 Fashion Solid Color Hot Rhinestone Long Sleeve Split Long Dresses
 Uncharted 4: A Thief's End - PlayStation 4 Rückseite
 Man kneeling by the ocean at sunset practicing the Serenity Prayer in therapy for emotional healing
--
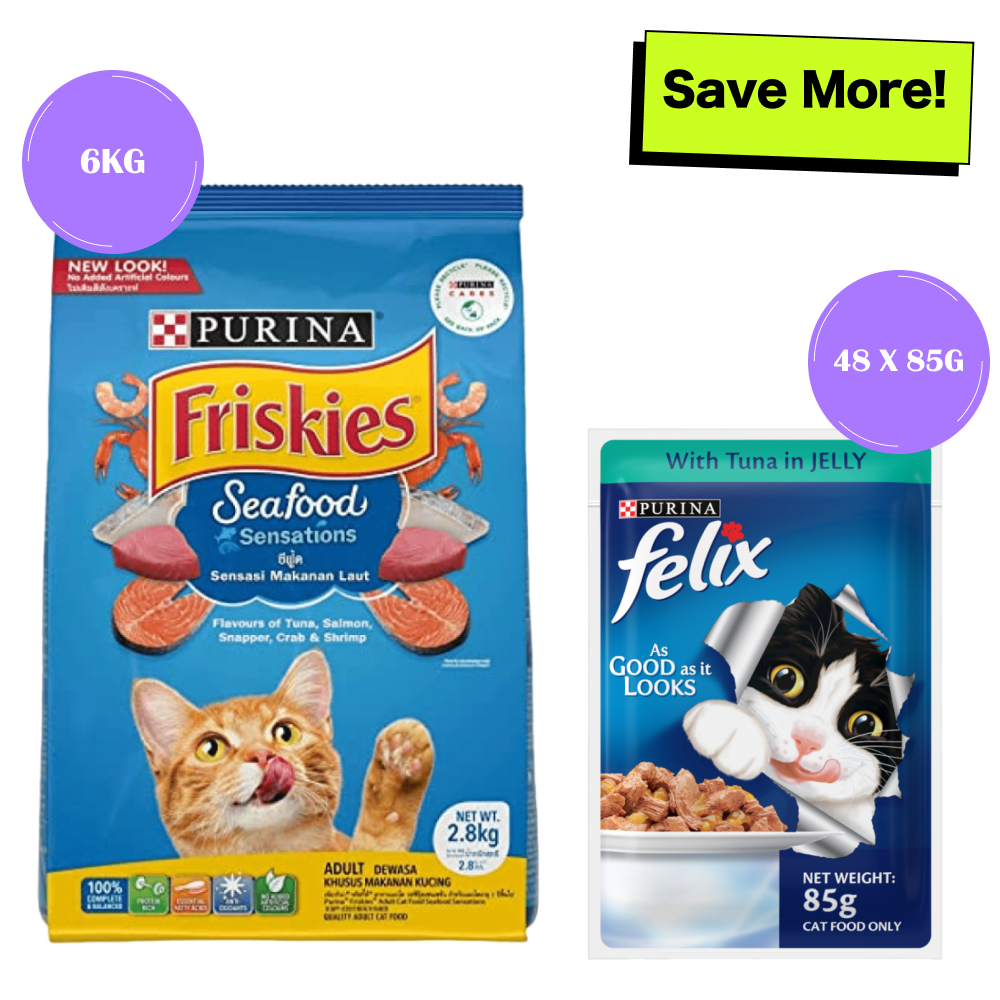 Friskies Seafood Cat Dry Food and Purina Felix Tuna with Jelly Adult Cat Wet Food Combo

◆ Assigned task ◆
Would you please write out, exactly and with no other lines, the stretch of the listing above from the line containing "Fashion Solid Color" through the line containing "Man kneeling by"?

◆ Finished task ◆
 Fashion Solid Color Hot Rhinestone Long Sleeve Split Long Dresses
 Uncharted 4: A Thief's End - PlayStation 4 Rückseite
 Man kneeling by the ocean at sunset practicing the Serenity Prayer in therapy for emotional healing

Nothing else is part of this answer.